◆ EXERCISE: Of the lines in the material below, print only those from the one containing "Emily and Eve" to the one containing "Boy's Jungle Cruise Distressed Logo T-Shirt", ends included, exactly as written and without pictures.

◆ DATASET CONTENT:
━━━━━━━━━━━━━━━━━━━━

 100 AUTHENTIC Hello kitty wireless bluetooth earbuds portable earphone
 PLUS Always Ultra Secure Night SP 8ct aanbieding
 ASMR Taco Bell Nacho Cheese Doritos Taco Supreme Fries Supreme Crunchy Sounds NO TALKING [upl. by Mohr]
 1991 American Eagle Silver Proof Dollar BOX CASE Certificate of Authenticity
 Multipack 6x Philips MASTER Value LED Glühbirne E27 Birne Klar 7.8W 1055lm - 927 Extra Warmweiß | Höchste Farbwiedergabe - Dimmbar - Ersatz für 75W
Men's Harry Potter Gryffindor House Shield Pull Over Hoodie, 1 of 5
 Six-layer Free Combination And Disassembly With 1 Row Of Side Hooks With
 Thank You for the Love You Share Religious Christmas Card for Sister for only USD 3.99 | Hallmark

━━━━━━━━━━━━━━━━━━━━

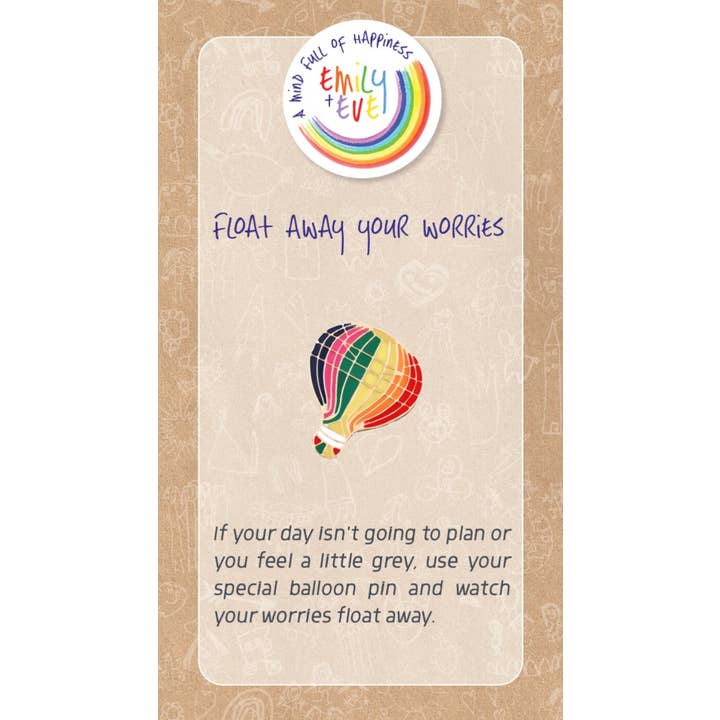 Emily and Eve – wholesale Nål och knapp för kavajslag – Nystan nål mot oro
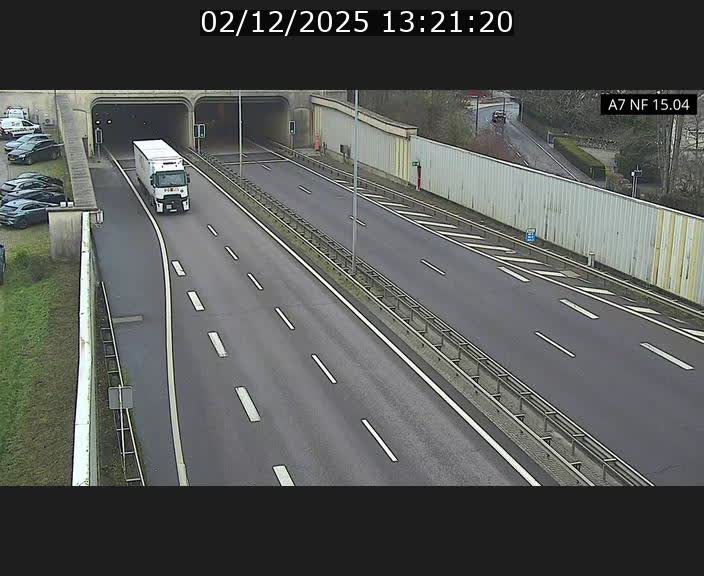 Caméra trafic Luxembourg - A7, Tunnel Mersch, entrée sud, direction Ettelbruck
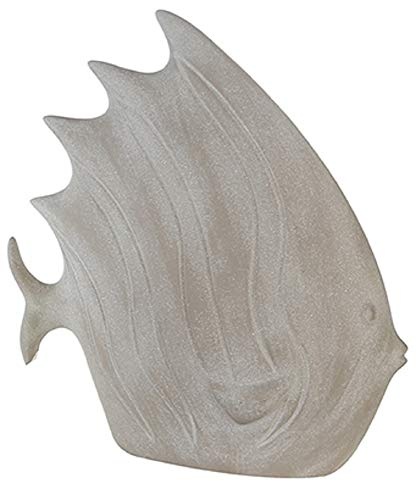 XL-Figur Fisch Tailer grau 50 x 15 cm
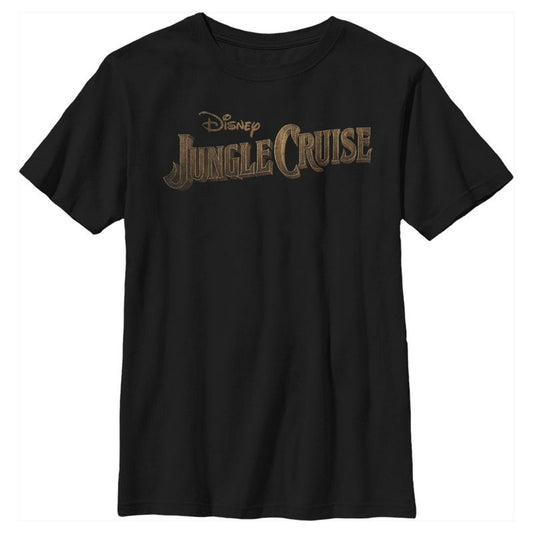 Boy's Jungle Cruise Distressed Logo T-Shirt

━━━━━━━━━━━━━━━━━━━━

◆ WRITTEN RESPONSE:
 Emily and Eve – wholesale Nål och knapp för kavajslag – Nystan nål mot oro
 Caméra trafic Luxembourg - A7, Tunnel Mersch, entrée sud, direction Ettelbruck
 XL-Figur Fisch Tailer grau 50 x 15 cm
 Boy's Jungle Cruise Distressed Logo T-Shirt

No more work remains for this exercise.